Task requirements
Write out again, word for word, the lines below from the line that holds "JGS1996 100% Remy" through the line that holds "1994 Chiefs Yearbook", omitting pictures.

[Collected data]
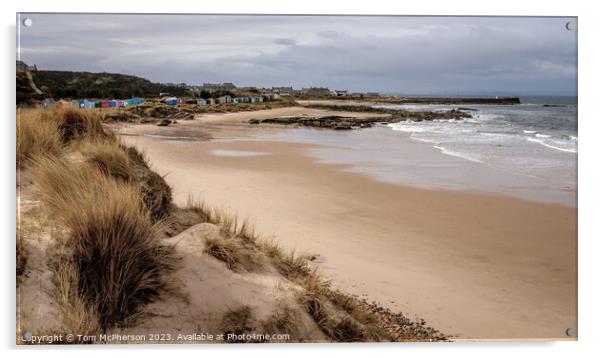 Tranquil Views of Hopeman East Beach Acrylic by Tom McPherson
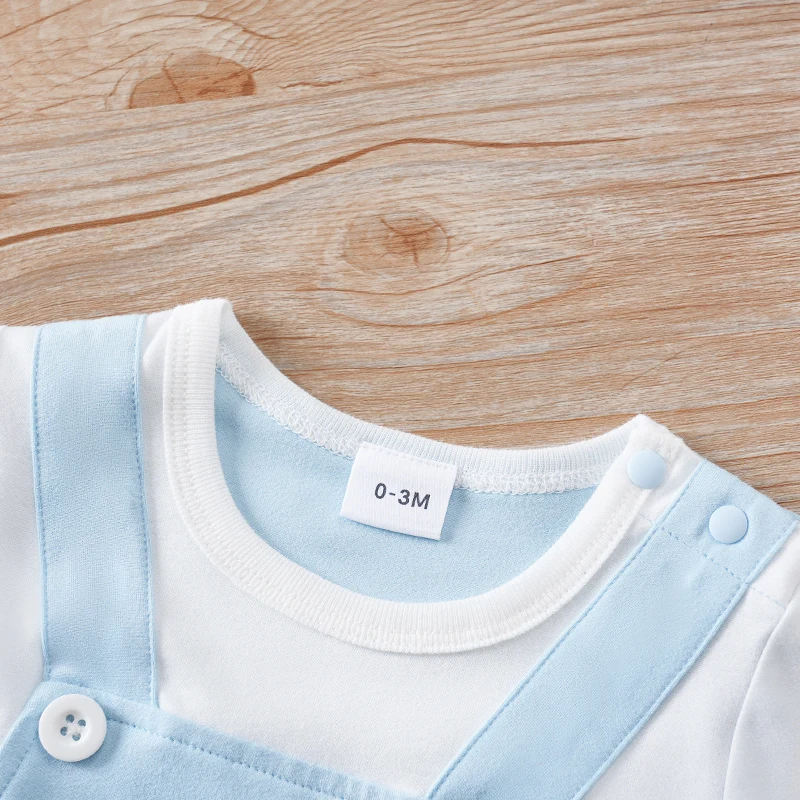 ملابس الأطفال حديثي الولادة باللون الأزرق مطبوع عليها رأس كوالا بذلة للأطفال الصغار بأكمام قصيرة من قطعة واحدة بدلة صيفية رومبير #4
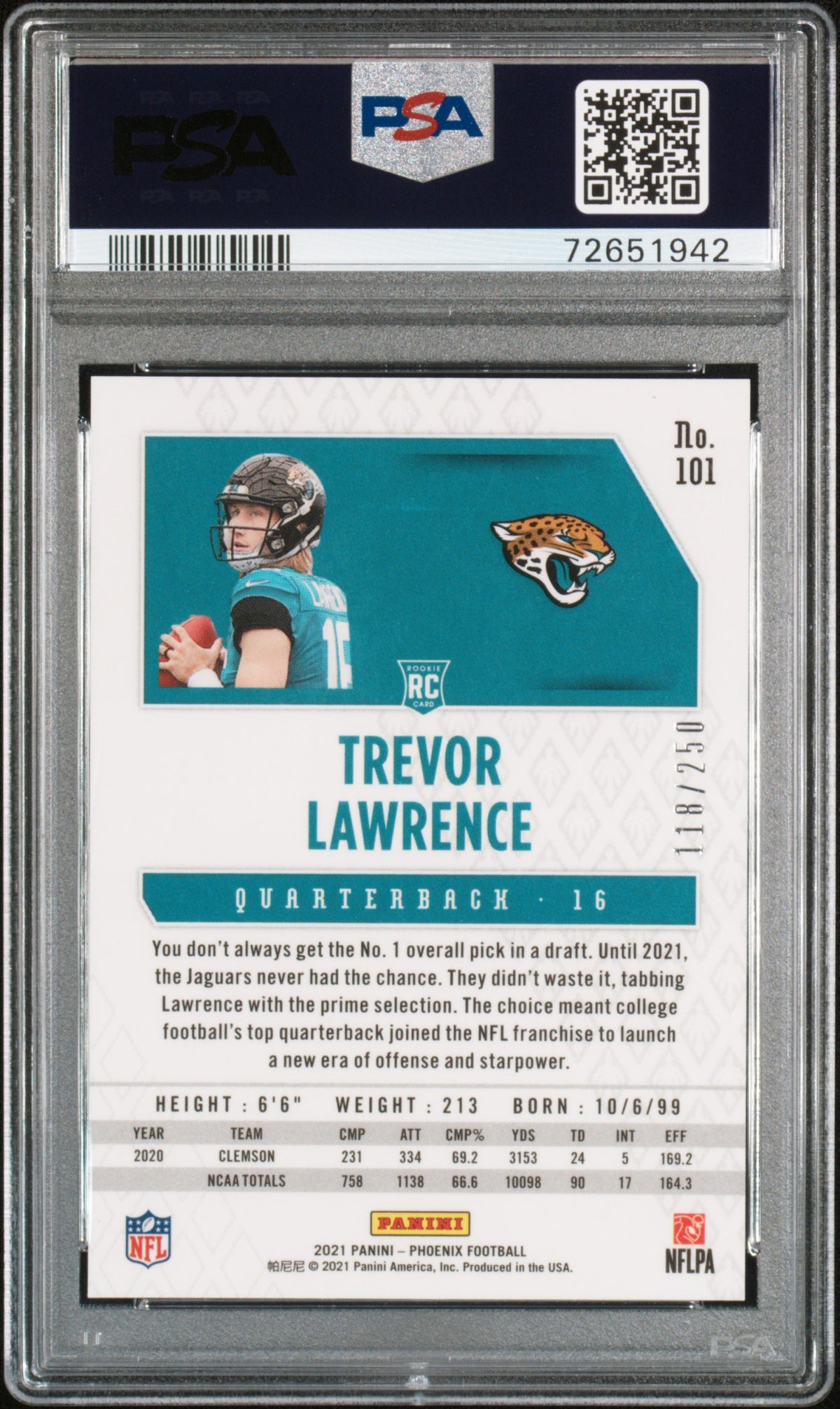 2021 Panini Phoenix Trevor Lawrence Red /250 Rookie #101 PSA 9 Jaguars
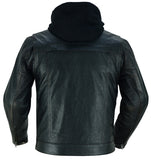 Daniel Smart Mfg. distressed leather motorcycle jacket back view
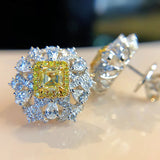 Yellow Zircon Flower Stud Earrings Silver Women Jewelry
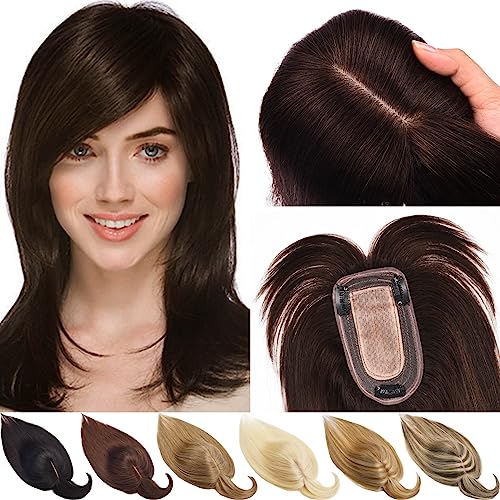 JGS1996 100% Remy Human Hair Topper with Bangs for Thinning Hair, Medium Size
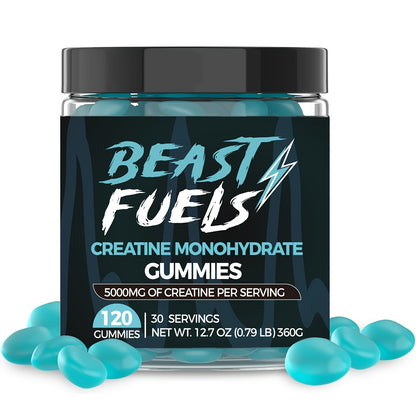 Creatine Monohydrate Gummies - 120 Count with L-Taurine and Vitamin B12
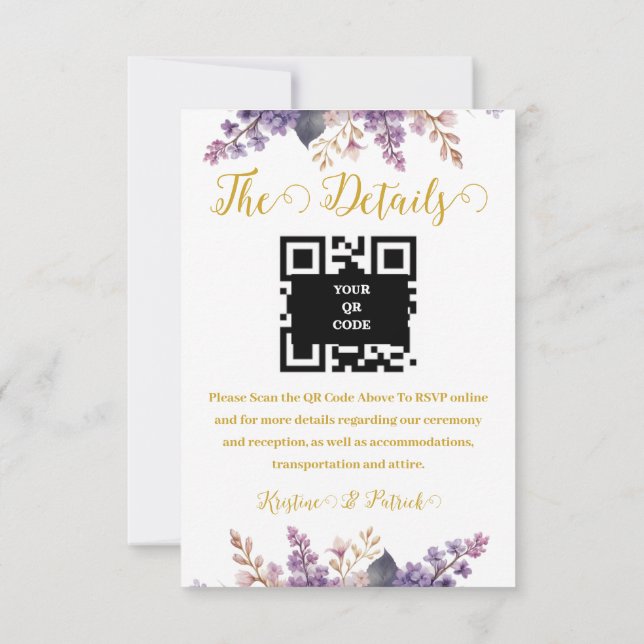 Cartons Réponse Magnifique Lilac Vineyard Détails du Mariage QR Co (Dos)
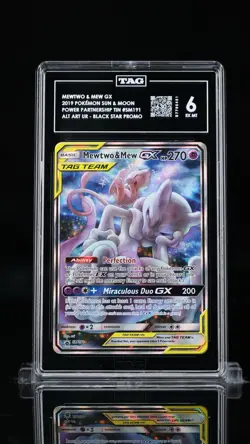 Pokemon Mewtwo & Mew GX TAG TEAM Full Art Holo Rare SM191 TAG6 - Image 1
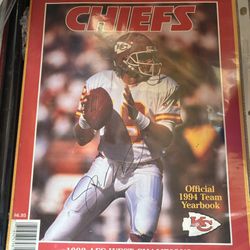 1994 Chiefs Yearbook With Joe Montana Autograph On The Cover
* * *
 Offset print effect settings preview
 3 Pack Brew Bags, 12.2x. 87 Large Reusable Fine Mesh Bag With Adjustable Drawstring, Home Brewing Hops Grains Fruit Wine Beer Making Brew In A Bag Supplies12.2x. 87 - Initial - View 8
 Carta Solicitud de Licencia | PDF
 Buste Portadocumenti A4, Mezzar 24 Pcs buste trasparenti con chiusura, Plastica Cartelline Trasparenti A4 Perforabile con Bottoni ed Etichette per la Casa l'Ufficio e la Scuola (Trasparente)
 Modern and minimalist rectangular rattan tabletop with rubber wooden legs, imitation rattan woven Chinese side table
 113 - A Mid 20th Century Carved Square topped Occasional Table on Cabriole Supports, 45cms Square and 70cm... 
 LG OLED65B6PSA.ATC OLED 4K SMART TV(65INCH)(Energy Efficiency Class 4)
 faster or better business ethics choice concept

Completed exercise
 JGS1996 100% Remy Human Hair Topper with Bangs for Thinning Hair, Medium Size
 Creatine Monohydrate Gummies - 120 Count with L-Taurine and Vitamin B12
 Cartons Réponse Magnifique Lilac Vineyard Détails du Mariage QR Co (Dos)
 Pokemon Mewtwo & Mew GX TAG TEAM Full Art Holo Rare SM191 TAG6 - Image 1
 1994 Chiefs Yearbook With Joe Montana Autograph On The Cover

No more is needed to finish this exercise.